The executive’s most creative project thus far is the tactical apparel and gear company he and Dan Costa built in 2003, one that manufactures “purpose-built” and versatile clothes, accessories, and footwear for military and first responders.
Morales saw the lack of innovation in the sector as an opportunity to create something different.
“You have to let your imagination run,” said Morales, one of five honorees at the Business Journal’s Excellence in Entrepreneurship Awards on March 9.
Finding the Challenge
Morales was born in Caracas, Venezuela to parents, Fernando and Dirurantzis De Morales, who owned an apparel factory. Growing up, he worked closely with his father, who was a tailor and shared with him the basics of the business.
He credits his father for the work ethic instilled in himself.
This led Morales to try his luck at building a new small business every year during his youth, such as screen printing punk rock T-shirts to sell at school. Morales said he preferred working over going to class and got his high school degree two years early in order to work full time.
He started on the sewing floor of his parent’s company but eventually left, citing the need for a challenge, and became an independent salesperson for the next few years. When he turned 19 years old, Morales decided to move to the U.S.
Morales began attending the Philadelphia School of Textiles and Science, now Jefferson University, in 1994. Despite struggles with concentrating in school, Morales said he set his mind to do whatever an A student would do and graduated cum laude four years later.
Morales then started working for Maine-based L.L. Bean as a raw materials engineer and was promoted to manager within two years. He then moved on to Dick’s Sporting Goods, handling production development and design for the private label division before landing at an outdoor and travel clothing company, Royal Robbins, in 2002 as vice president of product.
He there met his future business partner, Costa, who had purchased the company with plans to restructure the firm before selling. Morales was brought on to help with product design.
“In that journey, we discovered that there was a really large need and void in the market for police and military to have innovations designed for their particular needs,” Morales told the Business Journal.
The company’s goal is “to create solutions that make a difference on the front lines.”
A Pair of Pants
The company was built on a pair of Federal Bureau of Investigation (FBI) pants from the ’90s.
The partners decided to manufacture longer lasting and more durable pieces to sell directly to public safety professionals, and launched 5.11 in 2003.
The name comes from the difficulty level in the Yosemite Decimal System rating scale for rock climbing.
“We’re going to talk to the users and find out their pain points,” Morales said. They produced a polo, a vest, and a pair of shorts and ended the first year with $3 million in sales.

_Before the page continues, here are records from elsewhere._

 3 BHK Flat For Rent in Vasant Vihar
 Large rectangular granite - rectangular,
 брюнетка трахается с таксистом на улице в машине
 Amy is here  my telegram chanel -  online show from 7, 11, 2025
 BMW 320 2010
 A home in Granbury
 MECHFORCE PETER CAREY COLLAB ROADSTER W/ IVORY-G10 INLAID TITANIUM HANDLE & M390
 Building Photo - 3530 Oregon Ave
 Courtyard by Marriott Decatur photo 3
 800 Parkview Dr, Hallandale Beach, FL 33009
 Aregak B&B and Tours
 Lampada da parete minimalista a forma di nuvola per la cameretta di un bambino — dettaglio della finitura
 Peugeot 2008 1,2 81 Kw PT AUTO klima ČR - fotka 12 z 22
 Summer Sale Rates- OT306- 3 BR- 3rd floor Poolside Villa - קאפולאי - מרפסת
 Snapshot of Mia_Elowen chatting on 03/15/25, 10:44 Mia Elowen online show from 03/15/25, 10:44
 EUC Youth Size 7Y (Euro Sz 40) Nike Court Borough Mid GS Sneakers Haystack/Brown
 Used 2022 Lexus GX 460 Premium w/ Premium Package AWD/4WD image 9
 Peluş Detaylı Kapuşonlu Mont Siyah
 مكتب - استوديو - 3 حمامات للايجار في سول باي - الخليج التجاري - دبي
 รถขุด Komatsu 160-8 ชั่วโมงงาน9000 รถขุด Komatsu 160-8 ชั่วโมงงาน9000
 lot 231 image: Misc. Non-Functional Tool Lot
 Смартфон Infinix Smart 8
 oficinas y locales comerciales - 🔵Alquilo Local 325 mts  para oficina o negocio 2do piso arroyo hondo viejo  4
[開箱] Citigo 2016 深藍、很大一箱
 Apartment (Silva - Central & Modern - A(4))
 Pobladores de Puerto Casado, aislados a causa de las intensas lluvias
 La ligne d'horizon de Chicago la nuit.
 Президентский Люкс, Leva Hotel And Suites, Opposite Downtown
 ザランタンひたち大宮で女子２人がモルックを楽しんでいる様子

Numerous government agencies have become clients since, including the FBI and U.S. Secret Service. 5.11 says it now works with thousands of governmental departments and has since expanded to wholesalers and specialty retailers like Bass Pro Shops and Turner’s Outdoorsman.
Morales and Costa’s first private equity investment came from TA Associates in 2007.
In 2012, 5.11’s corporate headquarters were relocated from Modesto to Irvine. It now calls Costa Mesa home with around 200 hybrid employees.
By 2012, “we were across very different categories,” Morales said. Its array of products had grown from pants and shirts to include gear and accessories like boots and backpacks.
“Everything was user-driven,” he said. “We ended up with a head-to-toe solution.”
This led the manufacturer to open its first brick-and-mortar store in 2014. “A one-stop shop,” according to Morales.
With three stores under its belt, 5.11 was acquired by Compass Diversified (NYSE: CODI) for $401 million in 2017.
The retailer is now the largest of seven subsidiaries under Compass with over $486 million in annual net sales and 117 U.S. stores. An IPO has been considered for the company.
Morales invites groups of his main customers—EMTs, military units, even athletes—to test sample products so the team can make improvements before bringing them to market.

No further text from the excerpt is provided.